Ketika bermain di Juventus, Pogba mendapat perlindungan dari Andrea Pirlo, Claudio Marchisio, hingga Arturo Vidal. Bersama timnas, Ngolo Kante, dan Blaise Matuidi adalah penolong Pogba. Semuanya sukses membuat Pogba hanya fokus untuk menyerang. Hal ini yang tidak bisa dilakukan para gelandang United seperti Matic, Herrera, Fred, Andreas, hingga McTominay. Semuanya belum bisa memberikan keseimbangan sehingga Pogba kerap terlibat untuk bertahan.

Jonathan Wilson mengatakan kalau sepakbola saat ini butuh para pemain spesialis yang bisa memainkan peran-peran khusus.
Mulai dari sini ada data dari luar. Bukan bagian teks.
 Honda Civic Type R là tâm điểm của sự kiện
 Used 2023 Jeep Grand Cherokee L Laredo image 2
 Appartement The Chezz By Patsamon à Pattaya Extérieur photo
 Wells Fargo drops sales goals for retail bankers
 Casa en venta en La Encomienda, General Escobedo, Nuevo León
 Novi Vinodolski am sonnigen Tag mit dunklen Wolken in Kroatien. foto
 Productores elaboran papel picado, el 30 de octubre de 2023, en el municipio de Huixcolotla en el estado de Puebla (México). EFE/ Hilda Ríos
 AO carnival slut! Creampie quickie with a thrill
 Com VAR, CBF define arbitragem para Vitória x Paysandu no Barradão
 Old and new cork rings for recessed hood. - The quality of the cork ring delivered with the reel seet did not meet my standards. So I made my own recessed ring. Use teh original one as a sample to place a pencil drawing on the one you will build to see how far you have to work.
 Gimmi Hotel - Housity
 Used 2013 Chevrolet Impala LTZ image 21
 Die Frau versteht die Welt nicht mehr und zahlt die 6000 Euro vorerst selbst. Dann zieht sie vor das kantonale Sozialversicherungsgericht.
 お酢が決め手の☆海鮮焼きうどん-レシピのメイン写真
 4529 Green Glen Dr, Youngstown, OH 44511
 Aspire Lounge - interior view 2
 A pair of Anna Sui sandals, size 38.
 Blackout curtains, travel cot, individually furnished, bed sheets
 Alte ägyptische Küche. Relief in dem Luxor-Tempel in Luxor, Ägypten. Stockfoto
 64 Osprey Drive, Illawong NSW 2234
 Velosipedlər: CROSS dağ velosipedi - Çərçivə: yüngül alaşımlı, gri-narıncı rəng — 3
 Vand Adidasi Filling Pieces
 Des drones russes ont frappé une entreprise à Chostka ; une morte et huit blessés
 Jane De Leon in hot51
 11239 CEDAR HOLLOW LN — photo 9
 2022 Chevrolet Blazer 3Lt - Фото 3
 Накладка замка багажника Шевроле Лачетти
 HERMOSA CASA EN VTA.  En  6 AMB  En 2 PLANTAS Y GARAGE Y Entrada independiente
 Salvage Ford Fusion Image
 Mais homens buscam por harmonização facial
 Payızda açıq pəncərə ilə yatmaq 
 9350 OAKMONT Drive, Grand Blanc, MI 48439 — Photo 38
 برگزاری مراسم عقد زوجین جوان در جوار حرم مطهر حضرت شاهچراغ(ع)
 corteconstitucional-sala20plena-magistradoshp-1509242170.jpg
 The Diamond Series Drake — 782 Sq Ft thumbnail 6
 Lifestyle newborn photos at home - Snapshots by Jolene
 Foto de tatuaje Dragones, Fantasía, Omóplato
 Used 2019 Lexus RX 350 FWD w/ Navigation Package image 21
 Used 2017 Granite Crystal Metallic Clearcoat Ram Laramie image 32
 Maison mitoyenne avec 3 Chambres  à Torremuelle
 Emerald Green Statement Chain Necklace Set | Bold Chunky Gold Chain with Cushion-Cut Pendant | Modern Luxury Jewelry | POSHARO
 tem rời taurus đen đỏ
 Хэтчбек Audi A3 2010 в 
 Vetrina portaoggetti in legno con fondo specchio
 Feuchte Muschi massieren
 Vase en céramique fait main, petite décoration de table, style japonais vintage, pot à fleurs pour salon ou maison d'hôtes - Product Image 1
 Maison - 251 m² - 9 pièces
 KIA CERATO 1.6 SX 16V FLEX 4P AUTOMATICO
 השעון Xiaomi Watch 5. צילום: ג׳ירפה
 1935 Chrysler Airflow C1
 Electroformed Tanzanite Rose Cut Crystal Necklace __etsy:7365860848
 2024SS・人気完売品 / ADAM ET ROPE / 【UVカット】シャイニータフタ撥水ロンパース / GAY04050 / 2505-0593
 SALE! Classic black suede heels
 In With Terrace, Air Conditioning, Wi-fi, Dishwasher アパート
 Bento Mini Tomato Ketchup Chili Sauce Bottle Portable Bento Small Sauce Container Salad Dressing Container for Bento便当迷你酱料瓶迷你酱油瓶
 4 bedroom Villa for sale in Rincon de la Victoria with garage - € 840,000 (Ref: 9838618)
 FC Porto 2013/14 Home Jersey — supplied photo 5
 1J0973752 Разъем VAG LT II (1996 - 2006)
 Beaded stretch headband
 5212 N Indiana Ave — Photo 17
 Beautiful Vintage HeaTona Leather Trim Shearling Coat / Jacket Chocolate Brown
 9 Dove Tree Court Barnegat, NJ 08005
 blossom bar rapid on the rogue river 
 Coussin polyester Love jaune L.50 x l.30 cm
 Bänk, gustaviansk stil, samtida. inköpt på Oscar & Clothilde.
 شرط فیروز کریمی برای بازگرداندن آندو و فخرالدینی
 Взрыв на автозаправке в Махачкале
Tanpa sosok spesialis ini, sebuah tim tidak akan bisa mencapai kesuksesan. Hal ini yang tidak dimiliki United untuk menopang Pogba. Contoh terbesarnya adalah saat mereka kalah dari PSG dan Wolves ketika permainan United langsung mati hanya karena peran Pogba yang dimatikan.

Masuknya nama dia dalam skuad terbaik musim ini menegaskan kalau dirinya hanya butuh pemain pendukung yang bisa membuat penampilannya menjadi lebih baik lagi. Sayang, mayoritas para penggemar United saat ini justru menginginkannya pindah dari Manchester.